Dr Konrad Maj: Można to wyjaśniać na kilka sposobów. Sama formuła rozgrywek piłkarskich nasuwa skojarzenia ze średniowiecznymi bitwami. Dwie drużyny stają naprzeciwko siebie na murawie, w tle klubowe sztandary, często też błyskające race. Piłka nożna jest przy tym sportem dosyć brutalnym – gra się nogami, częste są faule, ktoś ląduje na trawie zwijając się z bólu, kości trzeszczą.
Inne gry zespołowe też wiążą się z kontaktem i urazami – szczypiornista Karol Bielecki na boisku stracił oko.
To prawda.
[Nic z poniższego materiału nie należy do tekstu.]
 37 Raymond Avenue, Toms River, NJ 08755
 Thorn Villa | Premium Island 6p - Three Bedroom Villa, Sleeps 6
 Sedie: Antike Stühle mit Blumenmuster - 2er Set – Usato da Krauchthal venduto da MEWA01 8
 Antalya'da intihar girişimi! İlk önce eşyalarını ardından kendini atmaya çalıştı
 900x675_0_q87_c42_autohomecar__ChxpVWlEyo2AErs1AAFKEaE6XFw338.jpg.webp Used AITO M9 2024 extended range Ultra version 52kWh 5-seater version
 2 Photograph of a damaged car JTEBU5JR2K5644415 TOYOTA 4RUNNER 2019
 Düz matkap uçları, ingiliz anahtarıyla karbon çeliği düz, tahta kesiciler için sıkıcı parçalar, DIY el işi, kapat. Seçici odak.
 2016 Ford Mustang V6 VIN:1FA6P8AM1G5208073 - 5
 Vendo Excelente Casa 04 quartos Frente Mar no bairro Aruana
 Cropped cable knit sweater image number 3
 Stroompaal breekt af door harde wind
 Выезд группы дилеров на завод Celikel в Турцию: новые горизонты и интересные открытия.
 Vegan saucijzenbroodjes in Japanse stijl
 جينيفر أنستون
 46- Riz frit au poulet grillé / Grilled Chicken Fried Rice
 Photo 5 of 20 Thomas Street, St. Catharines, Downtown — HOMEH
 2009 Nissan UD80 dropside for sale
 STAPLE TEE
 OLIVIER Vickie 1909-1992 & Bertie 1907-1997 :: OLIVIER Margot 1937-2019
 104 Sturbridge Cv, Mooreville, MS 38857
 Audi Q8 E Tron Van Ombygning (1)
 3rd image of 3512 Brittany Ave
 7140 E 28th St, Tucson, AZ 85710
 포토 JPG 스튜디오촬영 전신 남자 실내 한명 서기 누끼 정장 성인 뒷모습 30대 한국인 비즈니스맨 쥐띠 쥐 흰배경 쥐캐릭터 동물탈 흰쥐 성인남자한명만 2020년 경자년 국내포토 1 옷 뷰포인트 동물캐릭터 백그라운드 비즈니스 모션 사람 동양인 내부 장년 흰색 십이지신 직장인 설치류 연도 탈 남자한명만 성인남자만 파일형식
Myślę, że działa tu też rodzaj samospełniającego się proroctwa. Kibice siatkówki i piłki ręcznej to kibice „nowi”. Większość z nich zainteresowała się tymi sportami niedawno, kiedy zaczęliśmy odnosić w nich sukcesy. Od razu chodzili na mecze z dziećmi, żonami i ta rodzinna, bezpieczna atmosfera towarzysząca rozgrywkom stała się normą. Dlatego ktoś, kto szuka rozrywki między latającymi płytami chodnikowymi, na takie imprezy się w ogóle nie wybiera. Z drugiej strony ci, którzy chcieliby spokojnie obejrzeć mecz z rodziną, trzymają się z dala od stadionów piłkarskich. Znaczenie ma też wielkość obiektów. Większość stadionów mieści kilka razy więcej kibiców niż większość hal, w których grają siatkarze. A w tłumie łatwiej – mówiąc psychologicznym językiem – ulec deindywiduacji.